** Opening Data in this exercise block **
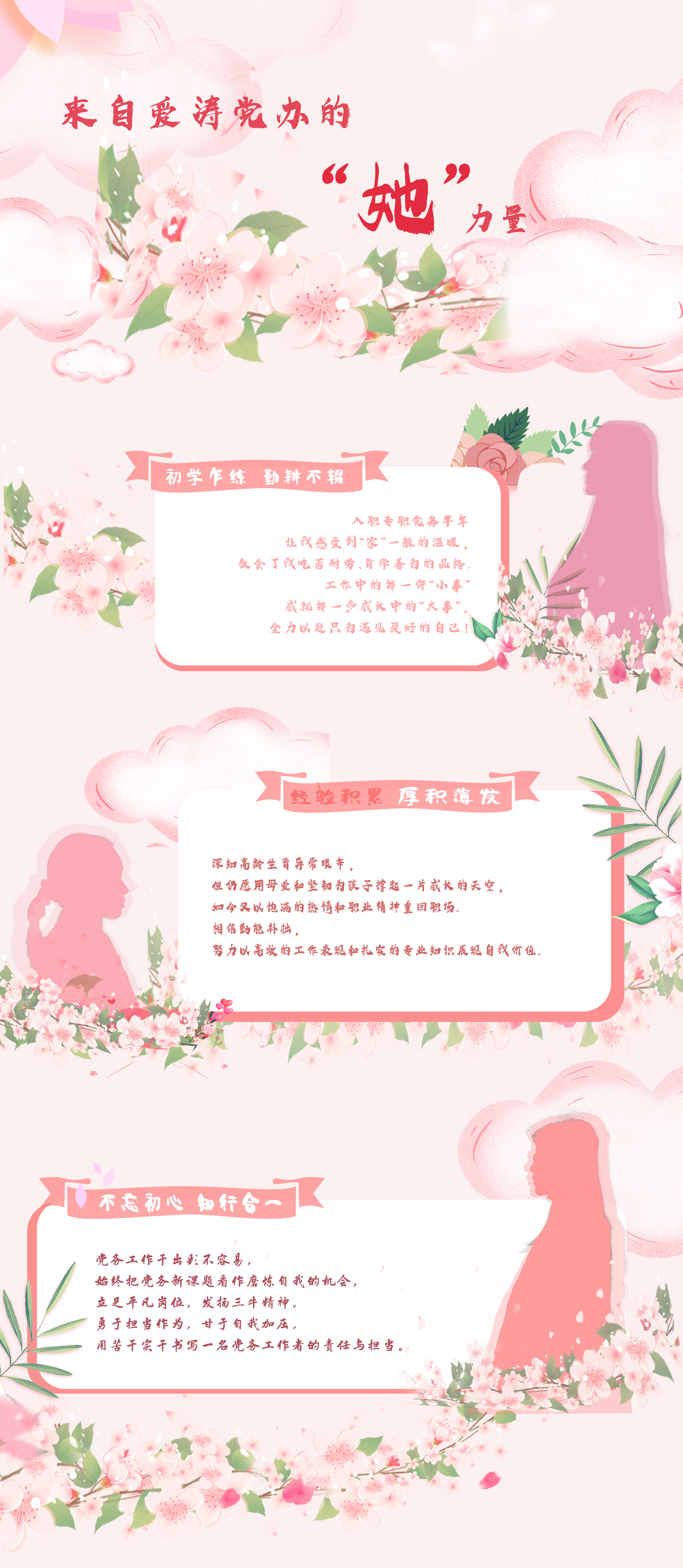 吐露芳華 · 她說(shuō)   江蘇蘇豪愛(ài)濤文化有限公司黨總支辦公室.jpg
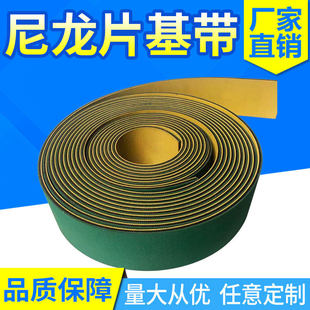 尼龙片基带工业平皮带高速传动带耐磨纺织龙带锭带黄绿输送传送带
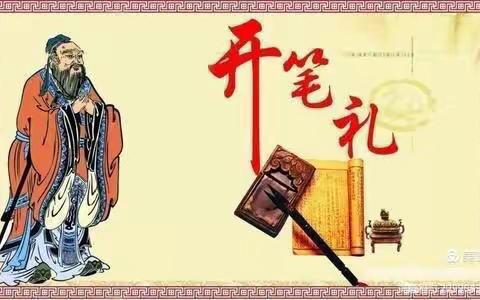开笔启蒙 礼润童心——商南童星、锦湖幼儿园大班开笔礼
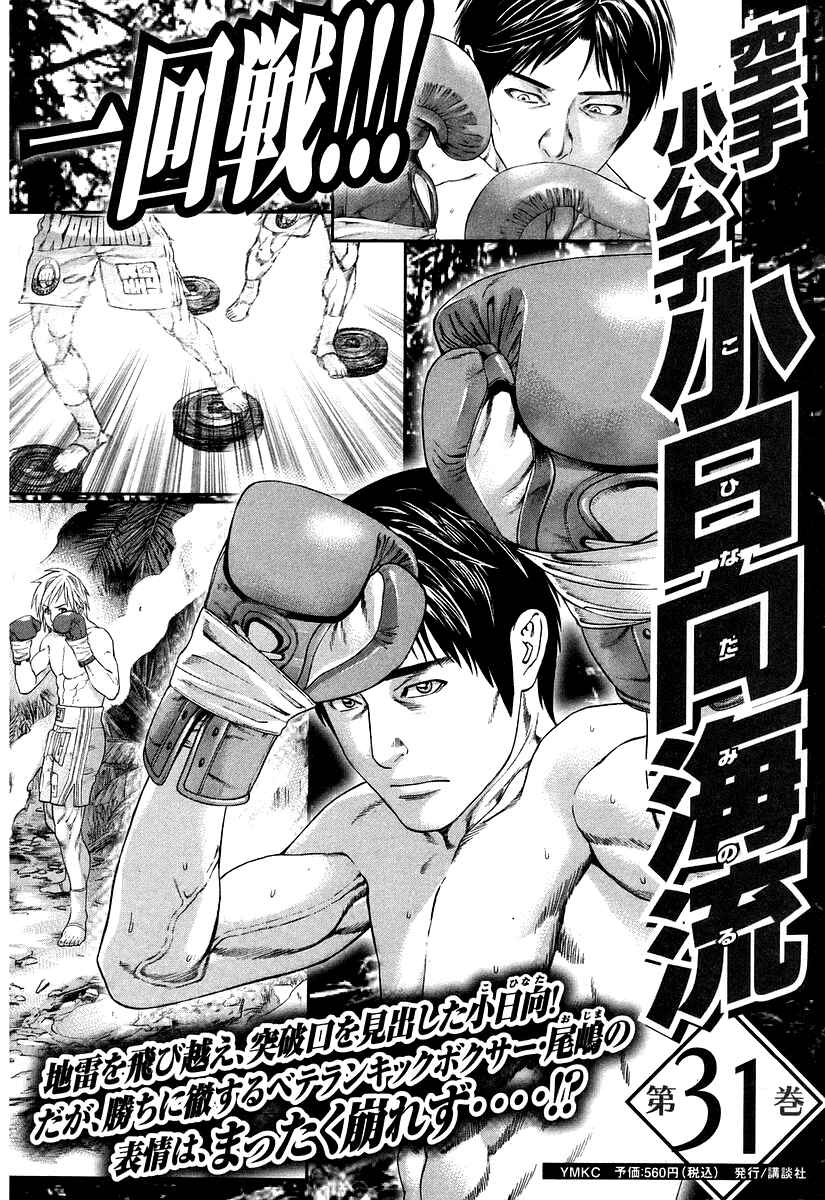 Page 19 Chapter 317 Little Lord of Karate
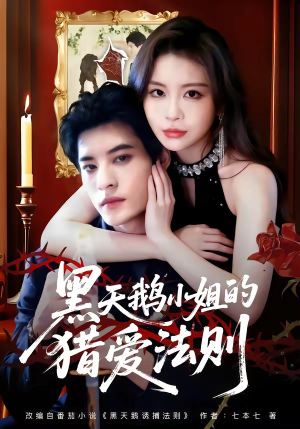 黑天鹅小姐的猎爱法则（61集）热门短剧榜单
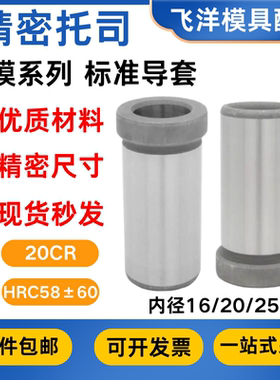 精密模具托司导套20Cr标准模架精密导柱导套有肩套直司中托司GBA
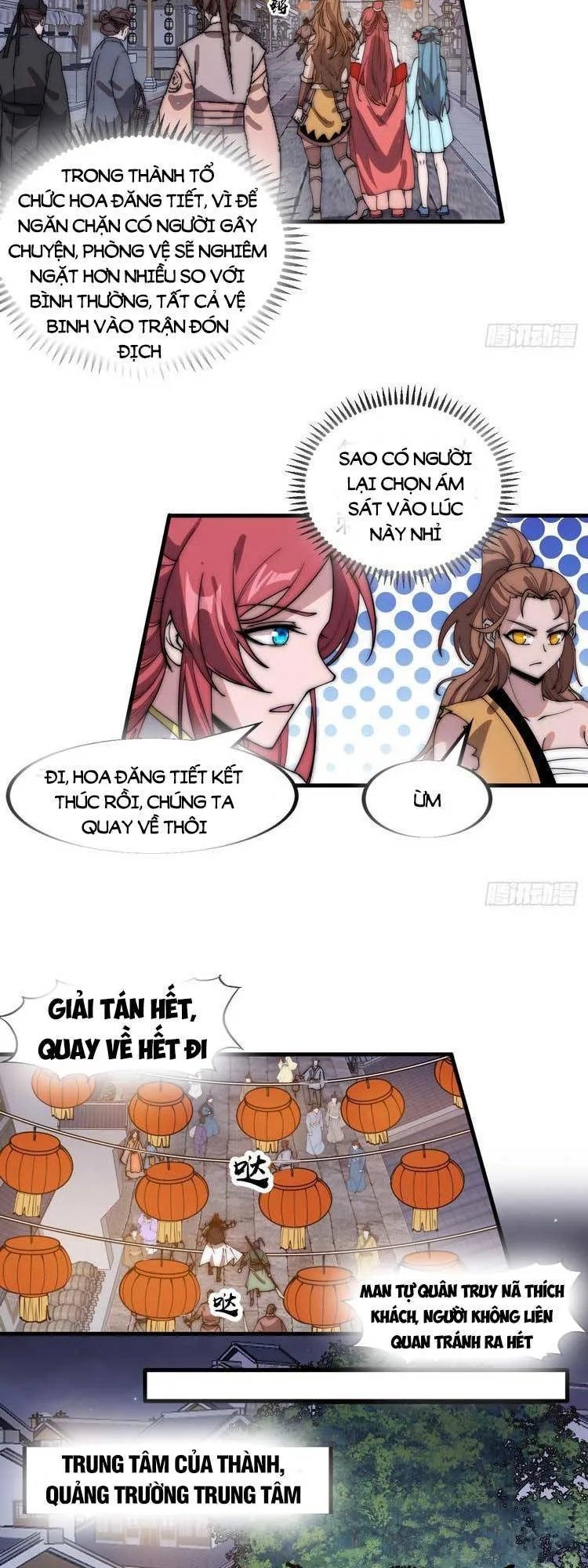 Chapter 512 - Image 12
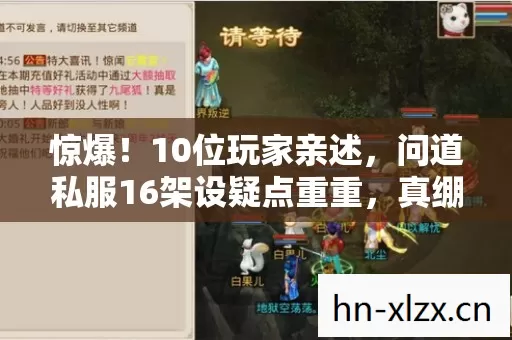惊爆!10位玩家亲述,问道私服16架设疑点重重,真绷不住啦! 惊爆!10位玩家亲述,问道私服16架设疑点重重,真绷不住啦!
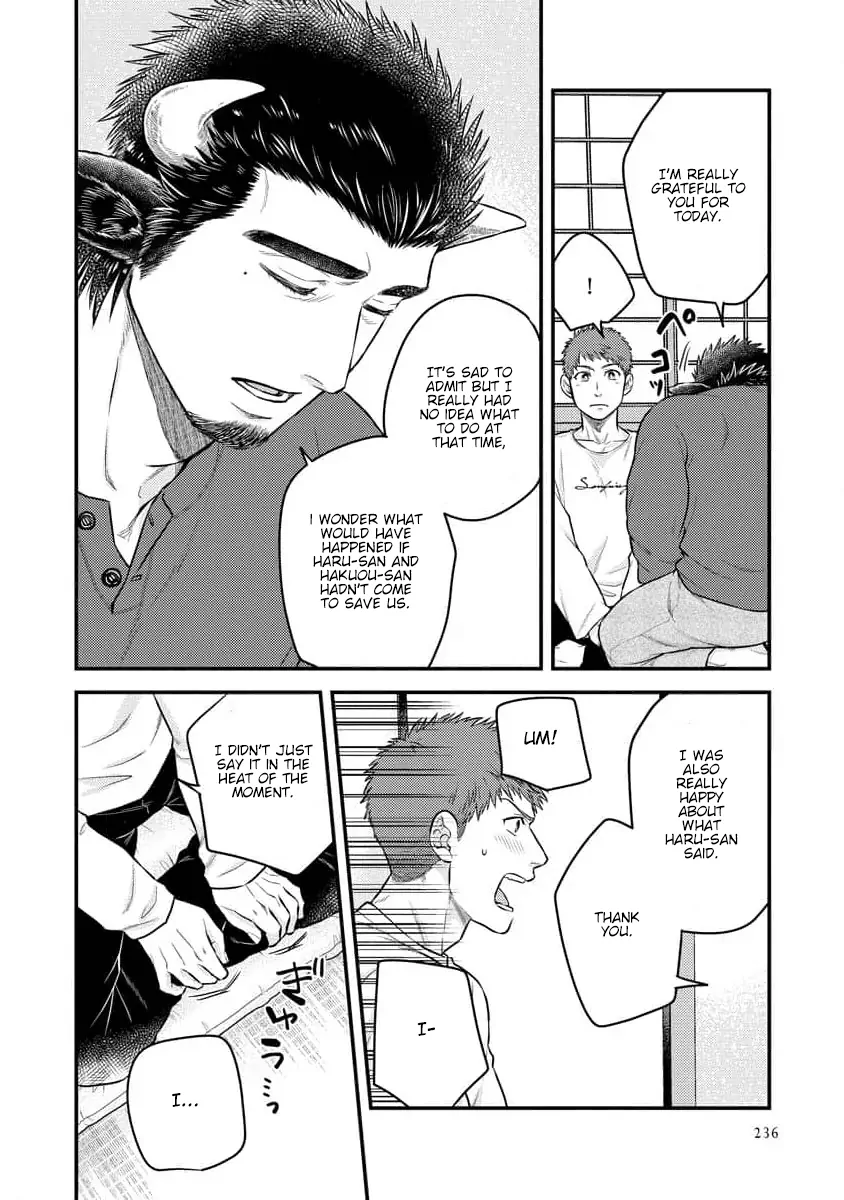 Sweet Rich Milk - Chapter 7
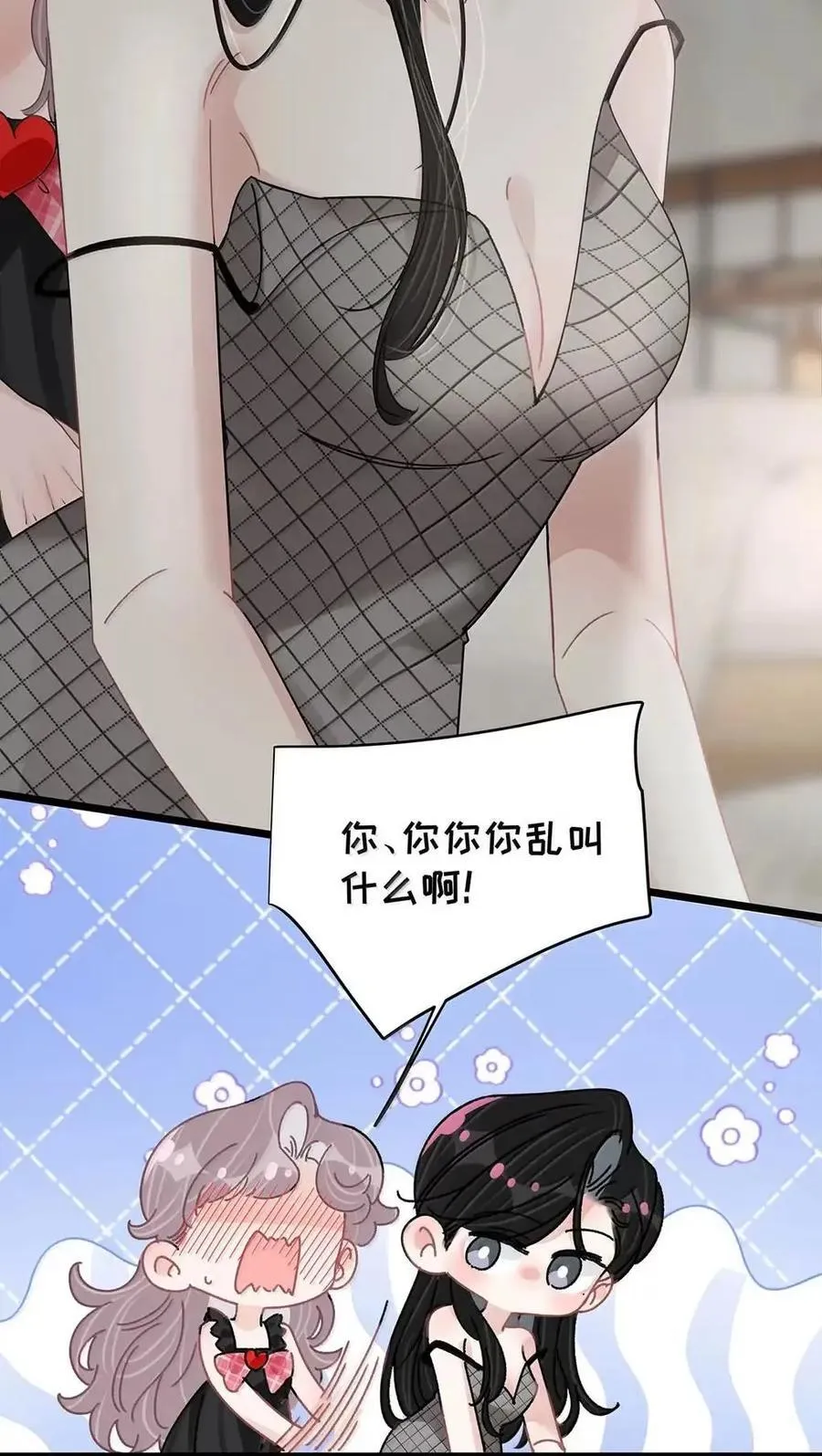 073 啊啊啊啊啊美人计啊！这就是苏曼的美人计！ 第32页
** Closing Data in this exercise block **
Task objective
Once the pictures are set aside, give every line above again without alteration.

Solution to this exercise
 吐露芳華 · 她說(shuō)   江蘇蘇豪愛(ài)濤文化有限公司黨總支辦公室.jpg
 尼龙片基带工业平皮带高速传动带耐磨纺织龙带锭带黄绿输送传送带
开笔启蒙 礼润童心——商南童星、锦湖幼儿园大班开笔礼
 Page 19 Chapter 317 Little Lord of Karate
 黑天鹅小姐的猎爱法则（61集）热门短剧榜单
 精密模具托司导套20Cr标准模架精密导柱导套有肩套直司中托司GBA
 Chapter 512 - Image 12
惊爆!10位玩家亲述,问道私服16架设疑点重重,真绷不住啦! 惊爆!10位玩家亲述,问道私服16架设疑点重重,真绷不住啦!
 Sweet Rich Milk - Chapter 7
 073 啊啊啊啊啊美人计啊！这就是苏曼的美人计！ 第32页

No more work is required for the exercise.